# Your goal:
Find the line with "11922 Louise Ave, Granada" in the entries below. Repeat it, every following line, and the line with "BLUE-AND-WHITE LOTUS SCROLL ZUN VESSEL", exactly and with nothing added.

# Given information:
□ □ □ □ □

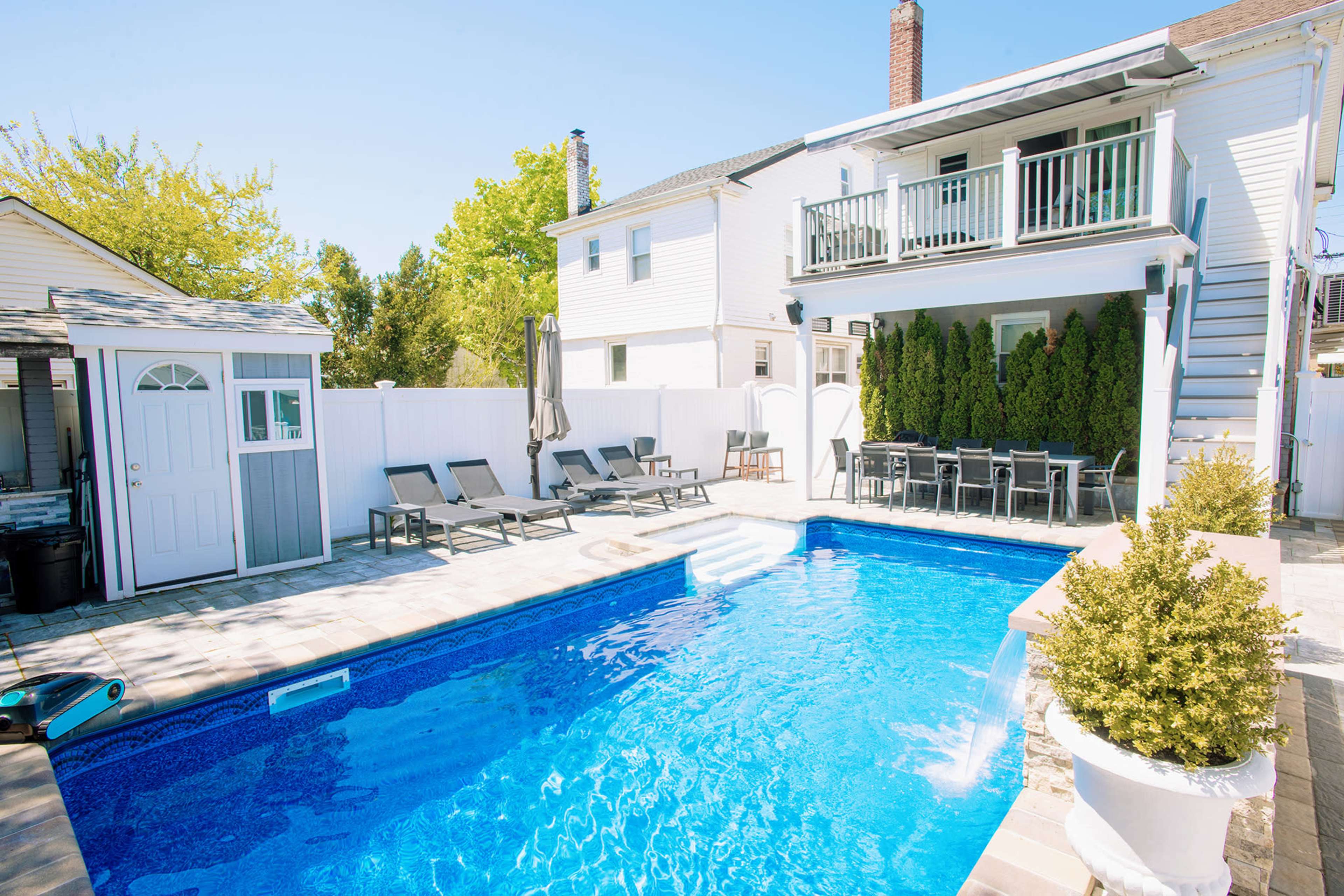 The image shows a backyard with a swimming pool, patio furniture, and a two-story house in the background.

□ □ □ □ □

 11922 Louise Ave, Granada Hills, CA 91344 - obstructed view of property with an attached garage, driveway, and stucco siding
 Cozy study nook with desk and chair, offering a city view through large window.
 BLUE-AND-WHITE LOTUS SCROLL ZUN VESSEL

□ □ □ □ □

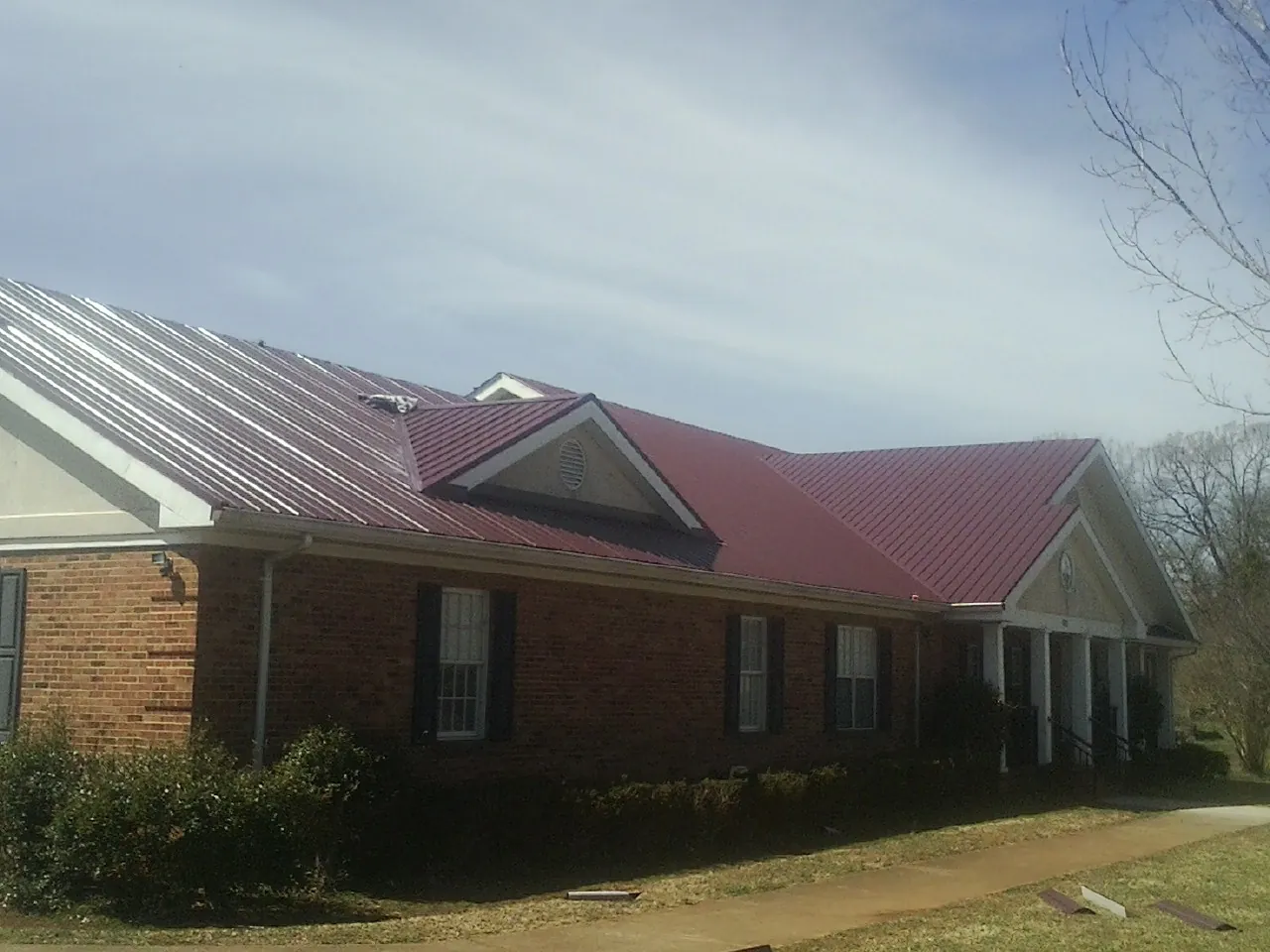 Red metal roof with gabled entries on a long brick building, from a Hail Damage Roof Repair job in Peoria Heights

□ □ □ □ □

# Result of the task:
 11922 Louise Ave, Granada Hills, CA 91344 - obstructed view of property with an attached garage, driveway, and stucco siding
 Cozy study nook with desk and chair, offering a city view through large window.
 BLUE-AND-WHITE LOTUS SCROLL ZUN VESSEL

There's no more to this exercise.